A new Supreme Court opinion is terrible news if you care about clean water

” “As Justice Brett Kavanaugh writes in a dissenting opinion, Justice Samuel Alito’s majority opinion in Sackett v. EPA is likely to hobble the law’s ability to protect several major waterways, including the Mississippi River and the Chesapeake Bay.

The case involves an admittedly quite difficult question of how to read a vague provision of the law. The Clean Water Act prohibits “discharge of pollutants” into “navigable waters.” But it also defines the term “navigable waters” counterintuitively, to include all “waters of the United States, including the territorial seas.”

Both the courts and the federal agencies that enforce this law have struggled over the last half-century to determine which “waters” can be regulated under this uncertain statutory language — a problem exacerbated by the fact that pollutants discharged far from a major waterway can nonetheless migrate into that waterway. A toxic chemical dumped miles from the Mississippi River might find its way to that river through the network of streams, creeks, wetlands, and similar geographic features that feed into it.”

“As an amicus brief filed by professional associations representing water regulators and managers warned, this new definition will “exclude 51% (if not more) of the Nation’s wetlands” from the Act’s protections. Wetlands often act as filtration systems that slow the seepage of pollutants into major waterways, and as sponges that help control floods.

In short, this opinion will significantly curtail the federal government’s ability to protect American waters.”

“The specific dispute in Sackett involved Idaho landowners who wanted to fill in what a federal appeals court described as a “soggy residential lot” with dirt and rocks so that they could build a house on it. The lot is near a tributary that feeds into a creek, which itself feeds into Priest Lake, a sufficiently large body of water that no one really questions if it is subject to the Clean Water Act.

Although all nine justices agreed that the Clean Water Act does not apply to this particular lot, they split 5-4 on how to read the act, with Kavanaugh joining the three liberal justices in dissent. (Technically, both Kavanaugh’s opinion and Justice Elena Kagan’s separate opinion, which also disagrees with Alito, are opinions “concurring in the judgment,” because all nine justices agreed that the property owners should prevail. But both of those opinions dissent from Alito’s reading of the law.)

The Clean Water Act is not the most precisely drafted law, and its text offers few hints as to what the “waters of the United States” might be. But it does include one pretty clear indication of how the law treats wetlands.
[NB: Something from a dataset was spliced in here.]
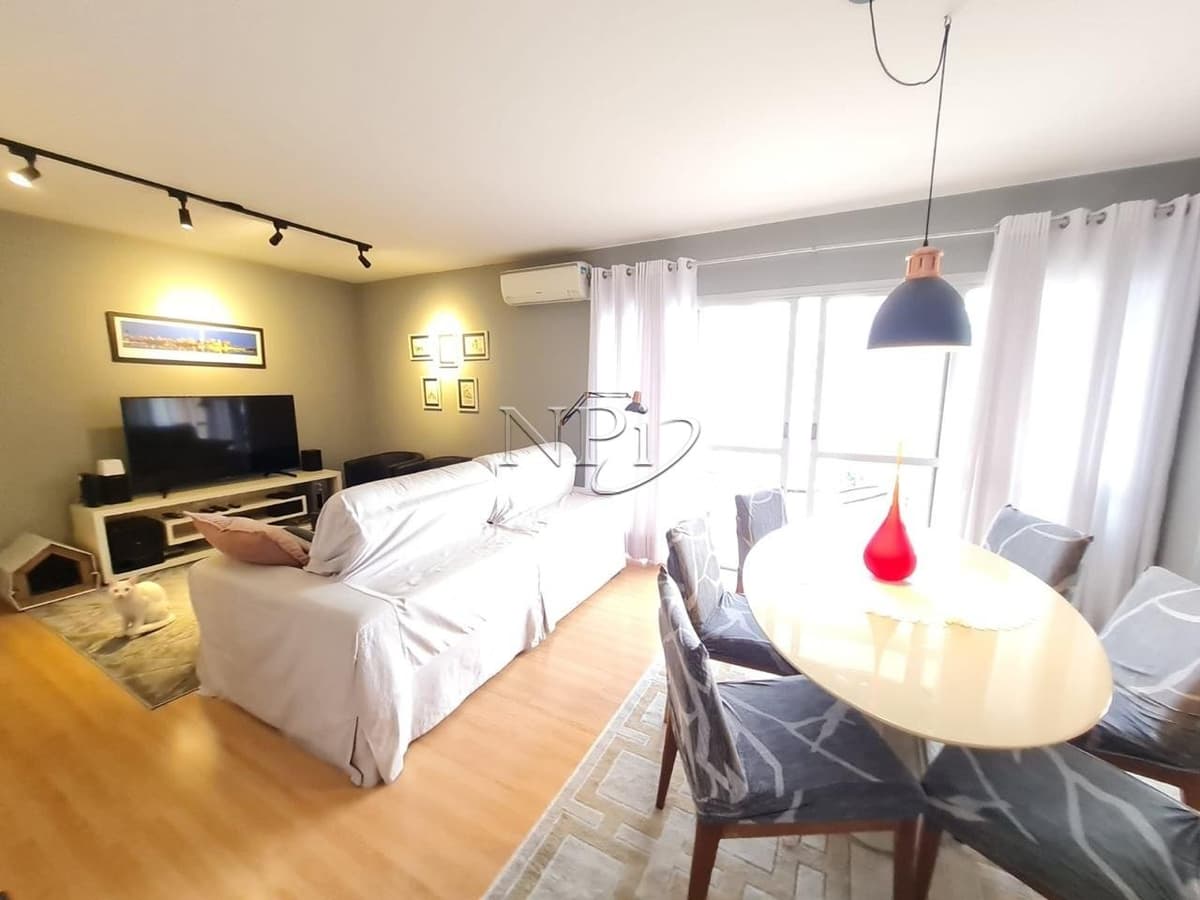 Maison Grigny - imagem 3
One provision of the Clean Water Act applies the law to “wetlands adjacent” to waterways covered by the act.

As Justice Kagan writes in her opinion, “in ordinary language, one thing is adjacent to another not only when it is touching, but also when it is nearby. So, for example, one house is adjacent to another even when a stretch of grass and a picket fence separate the two.” 

But Alito’s opinion does not apply the act to all wetlands that are “adjacent” to nearby waterways. Under Alito’s approach, only wetlands that have a “continuous surface connection to bodies that are ‘waters of the United States’ in their own right, so that there is no clear demarcation between ‘waters’ and wetlands” are subject to the law’s restrictions on pollution.”

“regardless of whether the Sackett opinion can be squared with the actual language of the Clean Water Act, it is a binding opinion by the Supreme Court of the United States, and its narrow reading of that act could drastically limit the nation’s ability to fight water pollution.”

“Near the end of his opinion dissenting from Alito’s approach, Kavanaugh lays out several ways that “the Court’s rewriting of ‘adjacent’ to mean ‘adjoining’ will matter a great deal in the real world.” He warns that this decision “may leave long-regulated and long-accepted-to-be-regulable wetlands suddenly beyond the scope of the agencies’ regulatory authority.””

“The fundamental challenge facing any water regulator is that water systems are interconnected. As Kavanaugh writes, “because of the movement of water between adjacent wetlands and other waters, pollutants in wetlands often end up in adjacent rivers, lakes, and other waters.”

This explains why Congress not only extended the Clean Water Act to significant waterways, it also extended it to wetlands that are “adjacent” to those waterways. It makes no sense to prohibit pollution dumped directly into the mighty Mississippi, but to permit pollution to be dumped on nearby wetlands that feed directly into the river.

Nevertheless, five justices ruled that Congress’s decision to apply the law to adjacent waterways does not matter.”